Abortion rights campaigners, including Democratic presidential hopefuls, on Tuesday rallied at the US Supreme Court to protest new restrictions on abortion passed by Republican-dominated legislatures in eight states.
Many of the restrictions are intended to draw legal challenges, which religious conservatives hope would lead the nation’s top court to overturn the 1973 Roe v.
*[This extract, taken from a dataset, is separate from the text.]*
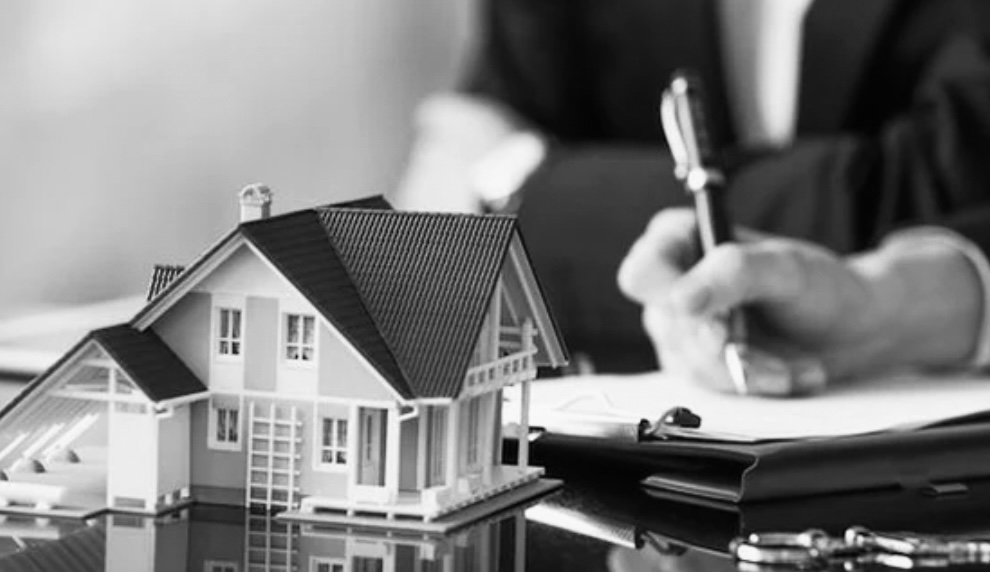 A grayscale image of a scaled model of a two-story house with a pitched roof, placed on a reflective surface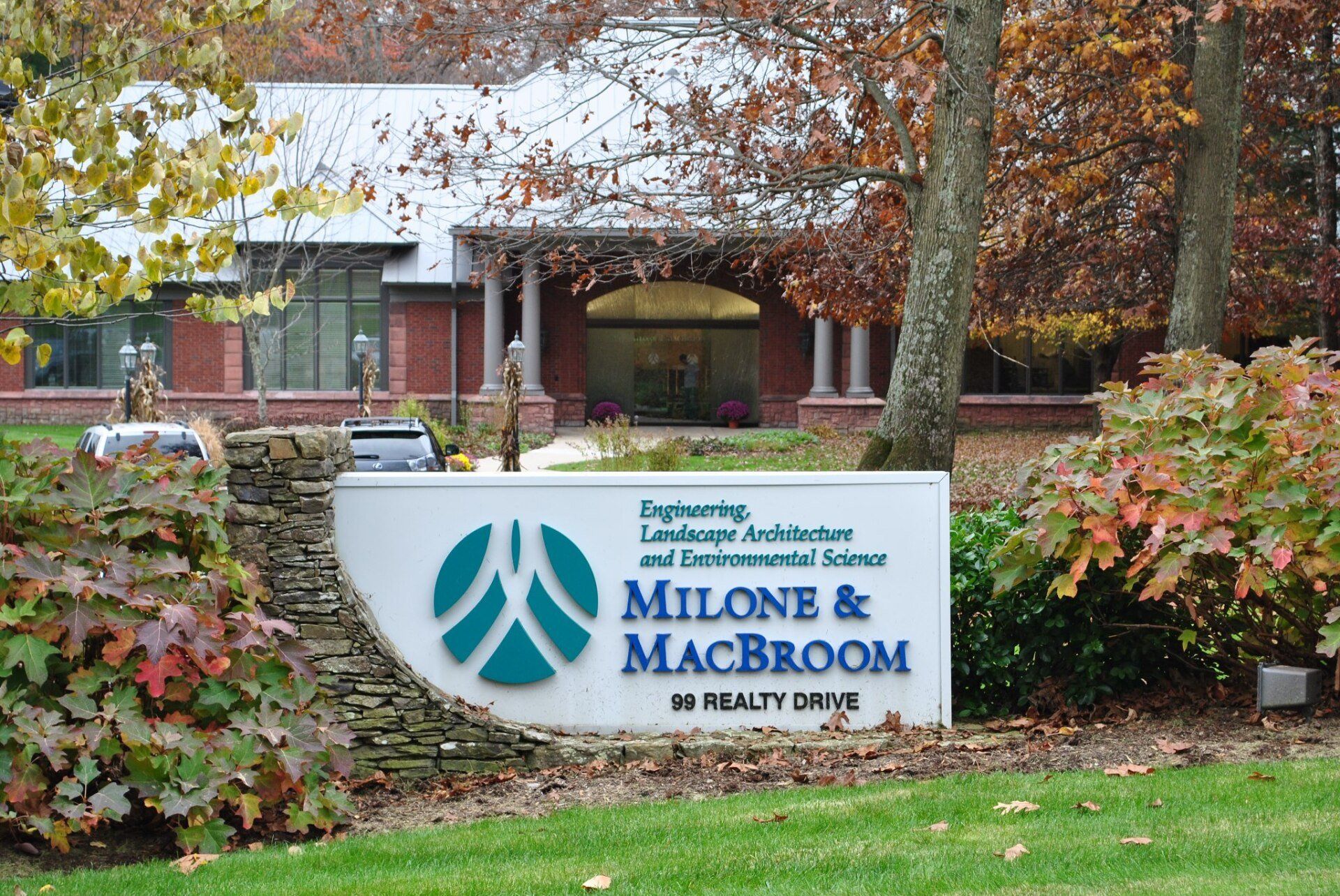 Sign for Milone & MacBroom at 19 Realty Drive. The sign is teal and white, in front of a building with brick and columns.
Wade decision that established a woman’s right to terminate her pregnancy.
“We are not going to allow them to move our country backward,” US Senator Amy Klobuchar, one of the two dozen Democrats seeking the party’s nomination for the presidential race next year, told the crowd through a megaphone.
Photo: AP
Another candidate, US Senator Cory Booker, urged the crowd to “wake up more men to join this fight.”
The rally was one of scores scheduled for Tuesday around the nation by the American Civil Liberties Union, NARAL Pro-Choice America, Planned Parenthood Action Fund and other abortion rights group.
The protests are a response to laws passed recently by state legislatures that amount to the tightest restrictions on abortion in the US in decades.
Alabama last week passed an outright ban, including abortions for pregnancies resulting from rape or incest, unless the woman’s life is in danger.
Other states, including Ohio and Georgia, have banned abortions absent a medical emergency after six weeks of pregnancy or after the fetus’ heartbeat can be detected.
Protesters outside the Supreme Court waved signs saying “We won’t be punished” and “Protect Safe, Legal Abortion,” and were joined by South Bend Mayor Pete Buttigieg.
“My entire campaign is about freedom,” the presidential hopeful said in a brief interview.
US President Donald Trump, a Republican who opposes abortion, has seized on the issue as one likely to fire up his core supporters, although he considers the Alabama ban too restrictive, because it does not make exceptions for incest and rape.
US Senator Kirsten Gillibrand, another Democratic hopeful, blamed what she called “outrageous bans” on Trump.
“This is the beginning of President Trump’s war on women,” she told the Washington rally. “If he wants his war, he will have his war, and he will lose.”
The restrictive new laws are contrary to the Roe v. Wade ruling, which affords a woman the right to an abortion up to the moment the fetus would be viable outside the womb, which is usually placed at about seven months, or 28 weeks, but might occur earlier.
The bans have been championed by conservatives, who say fetuses should have rights comparable to those of infants and view abortion as tantamount to murder.